Training ResNet50 using Paddle compiled with CINN

Note: Docker execution environment is required, and you should use the docker image registry.baidubce.com/paddlepaddle/paddle:latest-dev-cuda11.2-cudnn8-gcc82 to create a container for trying the next steps in this tutorial. You can use the following command to create a required container:

# Docker version 20.10.11, build dea9396
docker run --gpus all --name cinn_train_test \
    --shm-size="8g" --net=host -v $PWD:/work \
    -it registry.baidubce.com/paddlepaddle/paddle:latest-dev-cuda11.2-cudnn8-gcc82 /bin/bash

All the code below should be executed in the cinn_train_test container.
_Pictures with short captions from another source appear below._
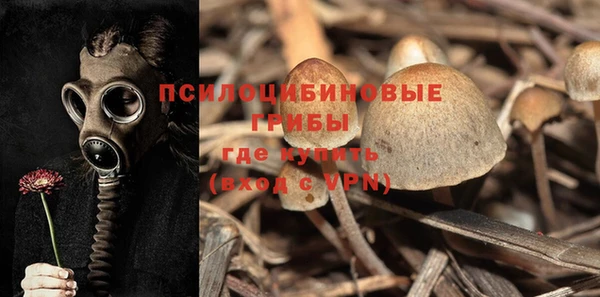 МДПВ Новодвинск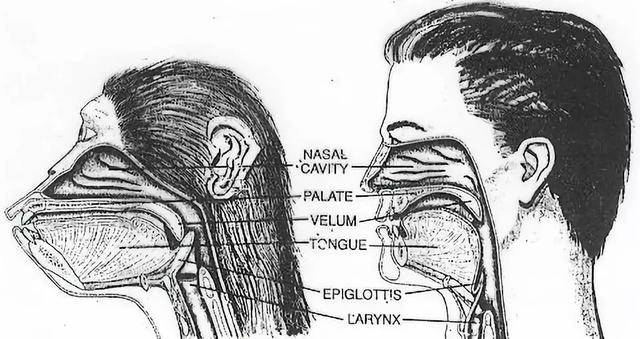nasalcavity图片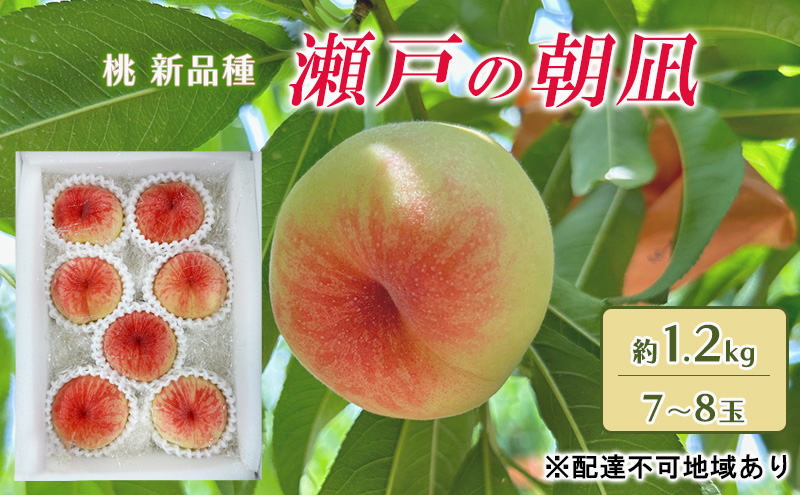 ☆朗報☆岡山県産ヤマモモ本日収穫6月２０日中粒２キロ プレゼント小粒300グラム 岡山のもも 6個入 | WESTERモール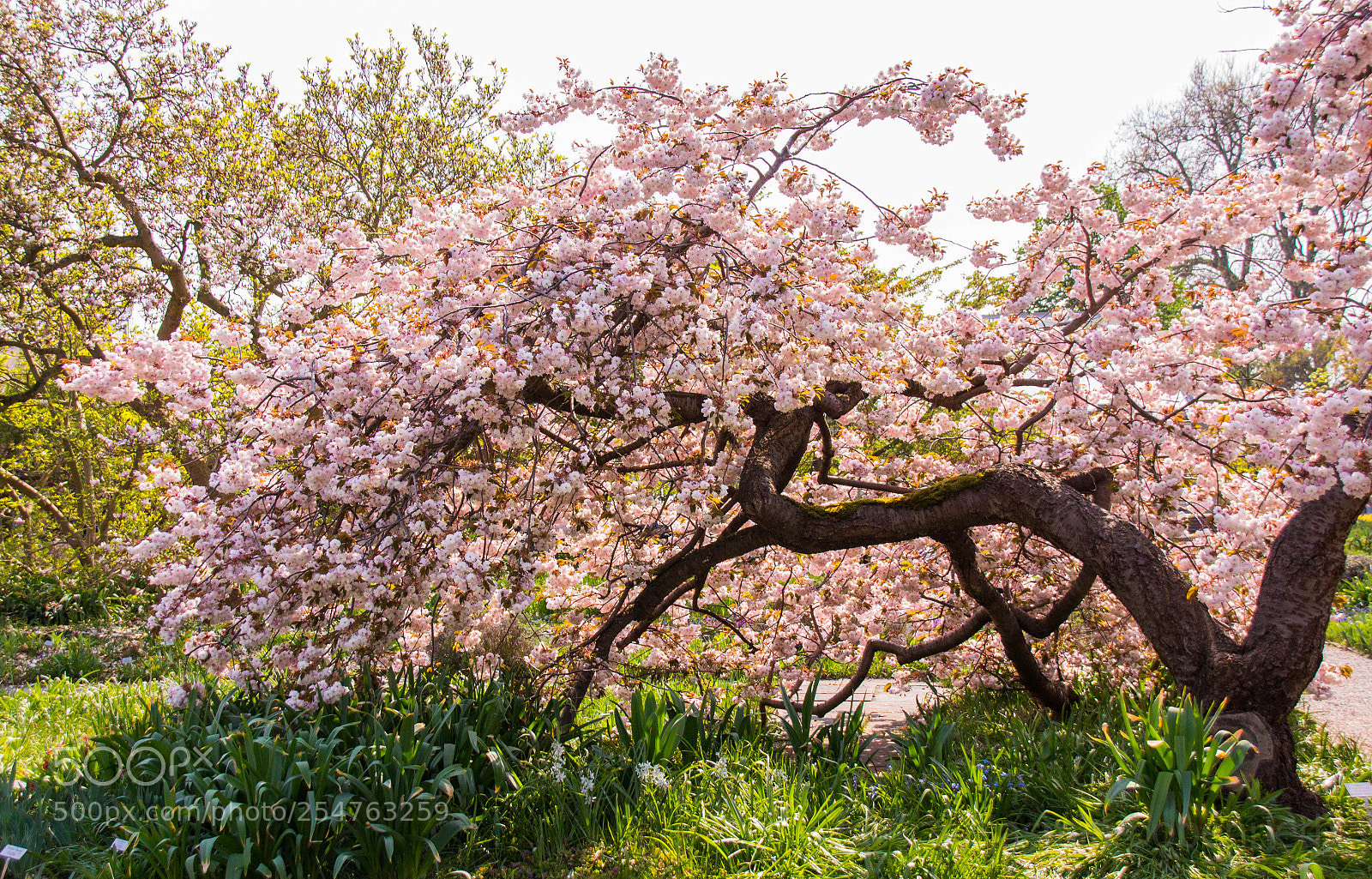 Canon EOS 700D (EOS Rebel T5i / EOS Kiss X7i) sample photo. Full of pink photography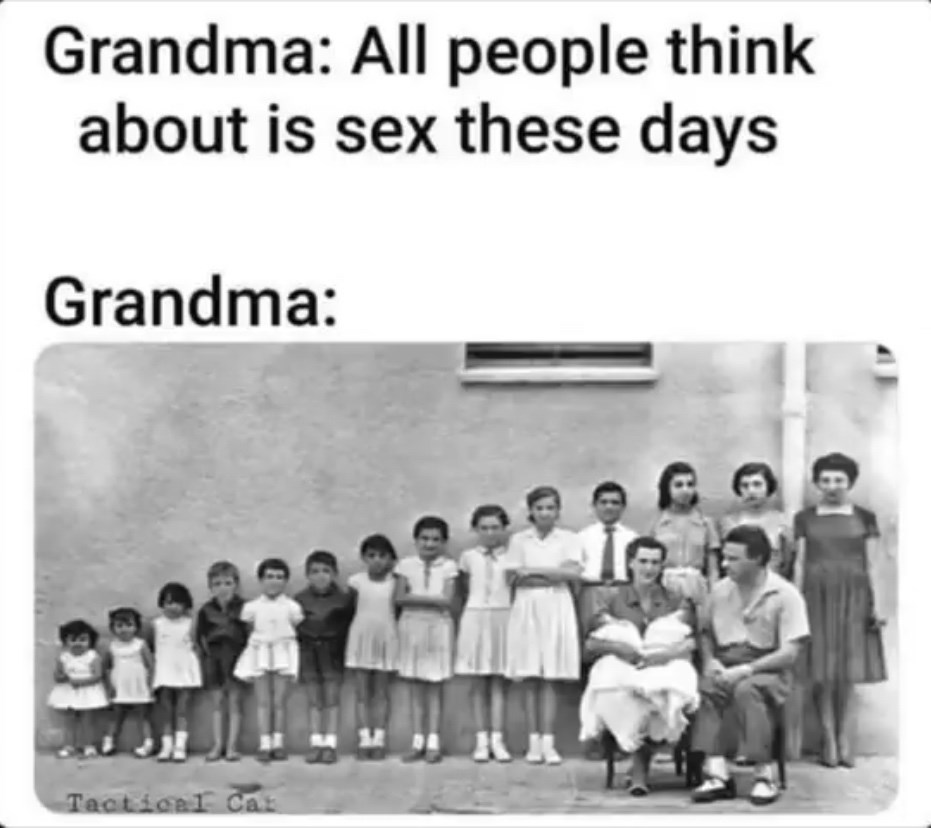 a-photo-of-a-mid-century-couple-with-16-children-grandma-all-people-think-about-is-sex-these-days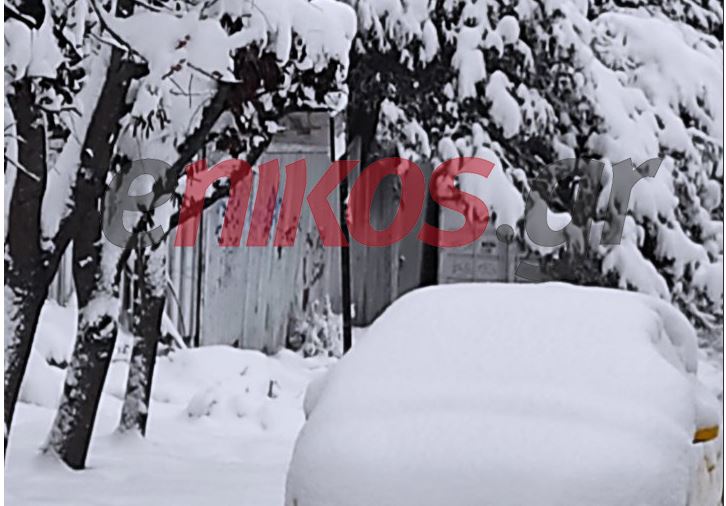Κακοκαιρία “Φίλιππος”: Ο Διόνυσος θάφτηκε στο χιόνι – Εντυπωσιακές εικόνες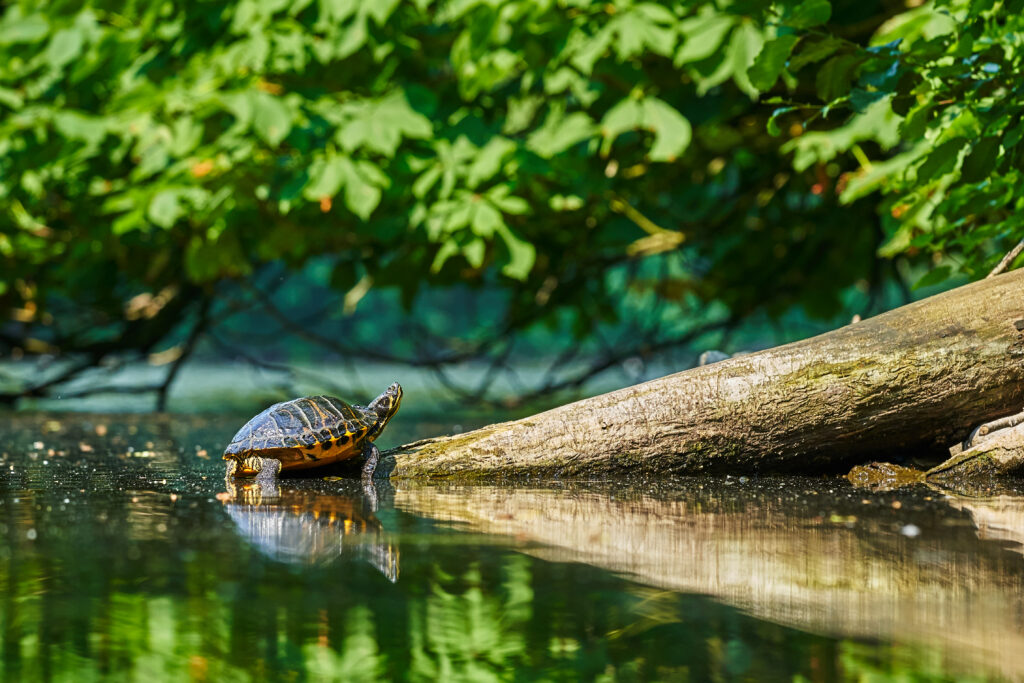 Tranquil Turtle Wallpaper: Serene Nature Scene with Reflection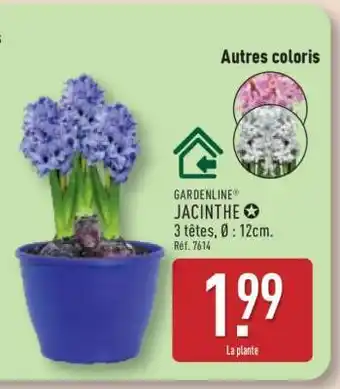 ALDI Jacinthe offre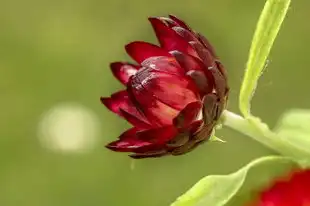 射手座男今日财运，揭秘射手座今日运势中的财富秘密，射手座男今日财运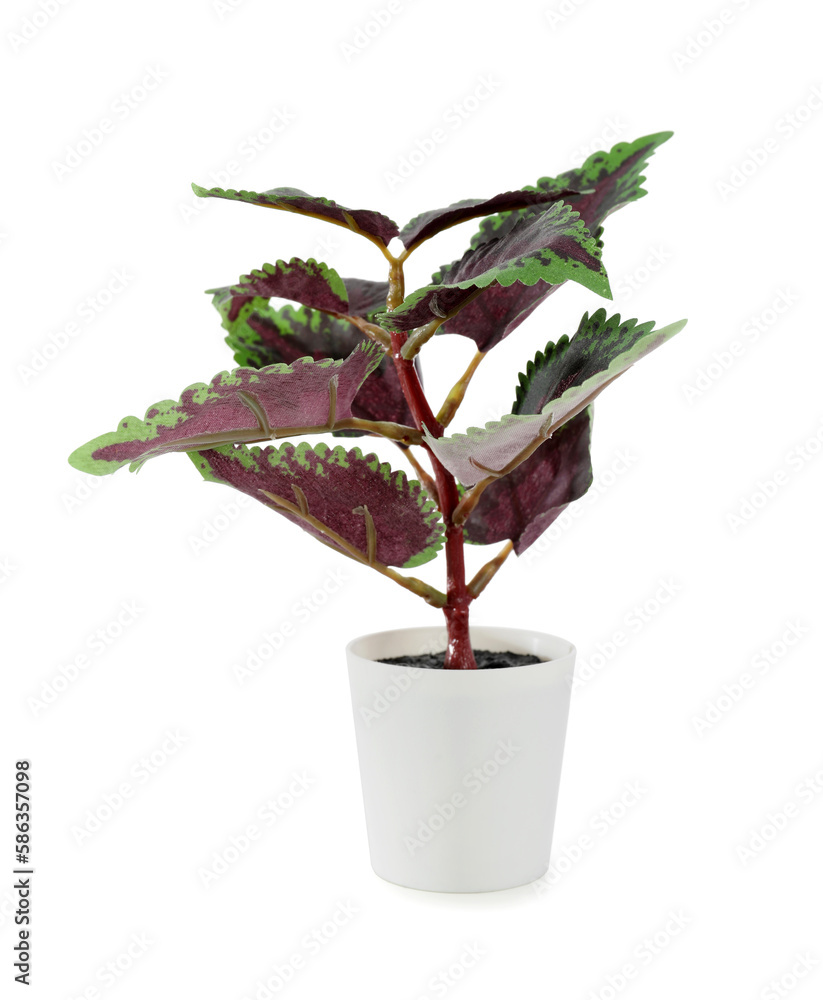 Artificial houseplant on white background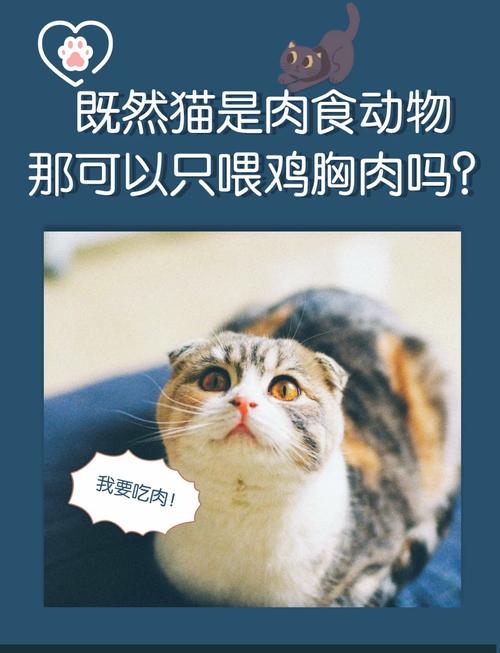 猫咪天天吃鸡肉好吗,猫咪天天吃鸡肉好吗为什么-第1张图片-后鲨宠物 猫咪天天吃鸡肉好吗,猫咪天天吃鸡肉好吗为什么-第1张图片-后鲨宠物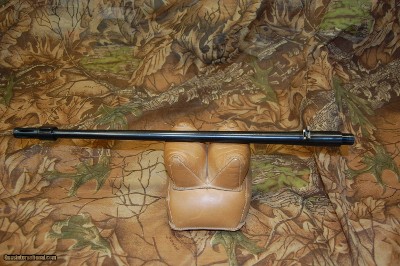 Ruger 10/22 Barrel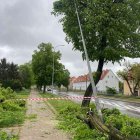 Fotka nr 2 z 4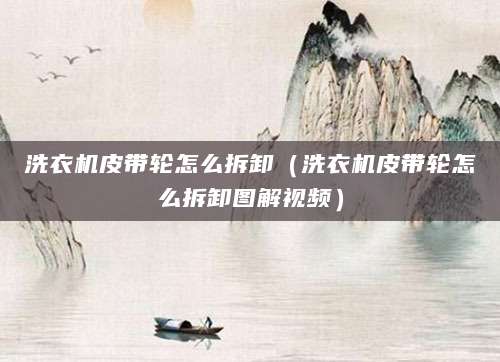洗衣机皮带轮怎么拆卸(洗衣机皮带轮怎么拆卸图解视频)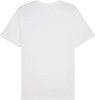 Koszulka męska Puma ESS Small Logo Tee biała 682538 02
This is a beginner-friendly tutorial on how to train models using Paddle compiled with CINN. This tutorial assumes that you have installed Paddle compiled with CINN. Otherwise, please enable the -DWITH_CINN compilation option to recompile Paddle and reinstall it. To avoid the tedious compilation process, you can also use the following command to install the pre-compiled .whl package.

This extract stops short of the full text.